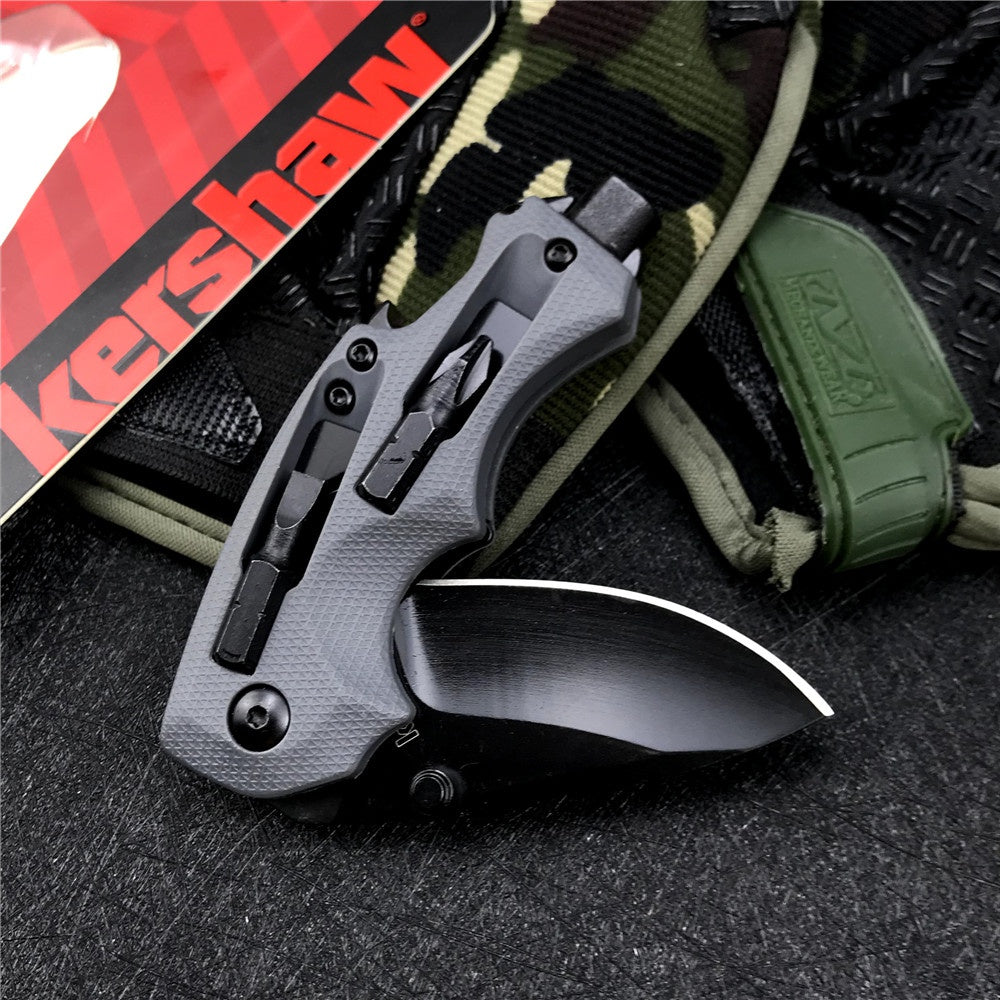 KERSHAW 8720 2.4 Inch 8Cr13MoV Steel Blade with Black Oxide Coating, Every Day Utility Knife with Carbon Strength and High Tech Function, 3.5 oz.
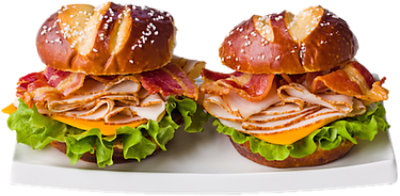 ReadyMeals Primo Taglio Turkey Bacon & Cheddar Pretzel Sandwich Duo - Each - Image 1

-.-.-

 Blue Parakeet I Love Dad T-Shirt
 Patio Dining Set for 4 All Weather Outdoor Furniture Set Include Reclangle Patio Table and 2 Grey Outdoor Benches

-.-.-

• [Exercise requirements]: Print, word for word, the lines above that run from the line containing "KERSHAW 8720 2.4" to the line containing "ReadyMeals Primo Taglio", both included. Keep the pictures out.

• [Result of this exercise]:
 KERSHAW 8720 2.4 Inch 8Cr13MoV Steel Blade with Black Oxide Coating, Every Day Utility Knife with Carbon Strength and High Tech Function, 3.5 oz.
 ReadyMeals Primo Taglio Turkey Bacon & Cheddar Pretzel Sandwich Duo - Each - Image 1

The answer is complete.